Ryan recaps the highlights (or the lowlights) of last night’s performances, and then singles Matt B, Nick, Jesse and Jeanine out for questioning, totally throwing Jesse for a loop. Then he calls Allison down. Is she wearing a wig? Jesse, wearing essentially a vest with no shirt underneath, is next. They’re joined by Matt B. With as little dallying as this show ever allows, Allison joins the Top 12. She’s wearing a tight black dress with a red and white polka dot bodice that should be awful, but isn’t, and rocks the hell out of Alone again, and I am very glad she made it through.
Next up are Megan, Kris, Jeanine and Matt G, who is wearing a large, strange neck scarf over a black letterman sweater. Ryan says one of those four is going through, so we immediately know that the next Top 12-er has to be a guy, because if it’s a girl, then Mishavonna and Jasmine are also immediately eliminated, and that is not how this show rolls. Matt G and Jeanine get the ax, leaving Kris and Megan. Simon is needlessly rude to Kara. Kris gets the nod, and I notice for the first time, that he is quite pretty, which will make him nice to look at, if not to listen to, over the next few weeks, (until he’s eliminated- I don’t think he has a chance of winning this thing). Man in the Mirror is still a dumb song for him to have chosen.
We see a rerun of the Idol Retrospective Montage that aired on the first show of the season. It’s still a lovely compilation, but why are we wasting time on clips we’ve seen already?
Evidently, we’re going to revisit all of last year’s contestants. This is Brooke White’s week. Brooke is wearing prison stripes and has not combed her hair since America saved her sanity by giving her the boot. Her first single has just been released, which she graciously consents to sing for us. It’s a nice song, if a little bland, though the abrupt ending is a surprise. I suspect her entire CD will be blandly nice (or nicely bland), and I might just buy it.
The remaining five kids are assembled front and center. Mishavonna, Kai, and Jasmine are sent home with little ceremony, leaving Nick and Adam as theoretical contenders for the final slot. I don’t much want either one, though I realize I don’t really mean that when I contemplate the notion of Nick writhing around during Country Music Week.

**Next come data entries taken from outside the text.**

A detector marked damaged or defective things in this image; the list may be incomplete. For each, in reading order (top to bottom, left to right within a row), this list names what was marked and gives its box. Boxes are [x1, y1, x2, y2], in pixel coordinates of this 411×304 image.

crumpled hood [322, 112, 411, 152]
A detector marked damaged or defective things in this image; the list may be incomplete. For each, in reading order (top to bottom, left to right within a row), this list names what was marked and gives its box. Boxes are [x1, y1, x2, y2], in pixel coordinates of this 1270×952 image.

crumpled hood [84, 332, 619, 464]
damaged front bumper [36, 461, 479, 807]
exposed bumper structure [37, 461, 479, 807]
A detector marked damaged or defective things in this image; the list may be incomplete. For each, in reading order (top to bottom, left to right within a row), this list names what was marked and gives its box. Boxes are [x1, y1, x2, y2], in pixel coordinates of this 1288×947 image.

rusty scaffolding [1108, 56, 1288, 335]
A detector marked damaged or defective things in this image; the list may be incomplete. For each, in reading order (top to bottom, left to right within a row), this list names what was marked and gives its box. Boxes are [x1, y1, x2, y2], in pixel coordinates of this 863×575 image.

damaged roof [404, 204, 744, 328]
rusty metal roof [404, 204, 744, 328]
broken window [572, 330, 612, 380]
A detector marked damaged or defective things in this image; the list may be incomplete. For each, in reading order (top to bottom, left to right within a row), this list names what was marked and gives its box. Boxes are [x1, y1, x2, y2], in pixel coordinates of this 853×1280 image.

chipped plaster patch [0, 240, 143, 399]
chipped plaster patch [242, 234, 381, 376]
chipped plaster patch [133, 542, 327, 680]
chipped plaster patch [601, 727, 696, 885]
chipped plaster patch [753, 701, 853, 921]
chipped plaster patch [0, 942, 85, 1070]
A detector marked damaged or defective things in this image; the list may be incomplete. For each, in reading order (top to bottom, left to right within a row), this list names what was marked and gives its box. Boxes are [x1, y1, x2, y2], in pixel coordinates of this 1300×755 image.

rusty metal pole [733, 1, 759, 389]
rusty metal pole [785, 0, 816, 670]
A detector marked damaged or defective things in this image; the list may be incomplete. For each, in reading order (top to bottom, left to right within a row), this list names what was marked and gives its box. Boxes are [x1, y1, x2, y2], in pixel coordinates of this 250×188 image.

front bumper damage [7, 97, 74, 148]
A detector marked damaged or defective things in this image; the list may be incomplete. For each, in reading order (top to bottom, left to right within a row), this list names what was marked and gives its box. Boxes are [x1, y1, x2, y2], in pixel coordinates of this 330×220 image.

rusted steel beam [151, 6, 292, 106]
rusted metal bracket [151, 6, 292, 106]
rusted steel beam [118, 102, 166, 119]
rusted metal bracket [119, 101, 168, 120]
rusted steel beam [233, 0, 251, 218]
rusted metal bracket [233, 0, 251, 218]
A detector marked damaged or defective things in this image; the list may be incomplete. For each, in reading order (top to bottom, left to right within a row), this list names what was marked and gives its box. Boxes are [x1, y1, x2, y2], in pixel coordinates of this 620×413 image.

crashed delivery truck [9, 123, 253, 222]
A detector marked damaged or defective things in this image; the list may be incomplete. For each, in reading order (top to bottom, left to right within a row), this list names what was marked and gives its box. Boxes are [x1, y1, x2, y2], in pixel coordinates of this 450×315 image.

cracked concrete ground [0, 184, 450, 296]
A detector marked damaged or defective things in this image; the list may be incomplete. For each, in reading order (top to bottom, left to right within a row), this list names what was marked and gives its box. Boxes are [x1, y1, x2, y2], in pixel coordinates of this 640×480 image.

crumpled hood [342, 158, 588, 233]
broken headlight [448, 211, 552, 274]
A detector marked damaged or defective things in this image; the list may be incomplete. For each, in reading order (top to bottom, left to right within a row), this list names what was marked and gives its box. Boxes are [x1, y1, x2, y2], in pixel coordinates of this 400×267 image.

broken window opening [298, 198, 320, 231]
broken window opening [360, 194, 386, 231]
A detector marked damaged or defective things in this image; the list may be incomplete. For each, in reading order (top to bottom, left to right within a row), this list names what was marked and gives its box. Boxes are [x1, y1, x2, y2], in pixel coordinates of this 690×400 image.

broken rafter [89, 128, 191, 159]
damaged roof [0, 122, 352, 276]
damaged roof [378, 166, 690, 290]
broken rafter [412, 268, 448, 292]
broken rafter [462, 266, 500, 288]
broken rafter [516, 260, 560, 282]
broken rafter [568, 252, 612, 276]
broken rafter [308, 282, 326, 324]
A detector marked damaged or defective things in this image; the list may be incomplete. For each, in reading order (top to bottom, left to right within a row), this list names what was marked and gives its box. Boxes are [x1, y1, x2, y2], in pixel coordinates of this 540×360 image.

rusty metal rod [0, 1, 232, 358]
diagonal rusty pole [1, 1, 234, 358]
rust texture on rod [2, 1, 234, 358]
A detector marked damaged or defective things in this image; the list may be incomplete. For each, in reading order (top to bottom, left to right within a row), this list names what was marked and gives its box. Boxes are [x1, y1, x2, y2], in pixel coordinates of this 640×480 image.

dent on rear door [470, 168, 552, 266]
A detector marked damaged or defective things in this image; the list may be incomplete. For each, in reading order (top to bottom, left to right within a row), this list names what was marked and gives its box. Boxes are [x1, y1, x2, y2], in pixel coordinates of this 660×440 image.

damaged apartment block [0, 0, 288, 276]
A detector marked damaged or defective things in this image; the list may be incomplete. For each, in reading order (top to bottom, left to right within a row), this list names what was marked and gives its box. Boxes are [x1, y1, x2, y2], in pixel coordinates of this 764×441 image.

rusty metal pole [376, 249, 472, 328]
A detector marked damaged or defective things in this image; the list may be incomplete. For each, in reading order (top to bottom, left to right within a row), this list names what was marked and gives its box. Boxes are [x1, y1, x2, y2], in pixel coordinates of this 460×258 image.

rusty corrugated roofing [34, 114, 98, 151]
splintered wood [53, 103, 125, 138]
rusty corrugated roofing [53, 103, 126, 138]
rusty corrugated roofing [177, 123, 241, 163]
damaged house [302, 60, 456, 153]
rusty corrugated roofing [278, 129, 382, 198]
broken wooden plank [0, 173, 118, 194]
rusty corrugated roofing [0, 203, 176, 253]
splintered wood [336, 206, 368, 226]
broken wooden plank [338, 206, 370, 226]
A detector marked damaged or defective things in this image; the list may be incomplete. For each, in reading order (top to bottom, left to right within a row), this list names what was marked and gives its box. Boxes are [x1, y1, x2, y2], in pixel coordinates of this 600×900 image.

So I am mildly relieved when Adam joins Danny, Alexis, Michael, Allison and Kris. But I reconsider as soon as he begins howling Satisfaction. (side note: wouldn’t that song make a great Viagra commercial? I have never been convinced that the missing girl reaction had anything to do with the girl).
Who are the likely Wild Card choices so far? I still think Anoop is a shoe-in. And I think Tatiana has a real shot (and I don’t hate that idea, though I will probably change my mind the first time I hear that insane cackle again). As much as I like Kai, I think the judges will think he skews old, which is the kiss of death. Jasmine does have a good voice, so maybe they’ll give her another chance.
Next week, Group 3: Arianna Asfar, Felicia Barton, Jorge Nunez, Ju’Not Joyner, Kendall Beard, Kristen McNamara, Alex Wagner-Trugman, Lil Rounds, Nathaniel Marshall, Scott MacIntyre, Taylor Vaifanua, and Von Smith. I’m hoping Nathaniel and Von cancel each other out.
I love reading your blog! Great knitting ideas & inspiration! (Also great recap of AI) Thanks so much!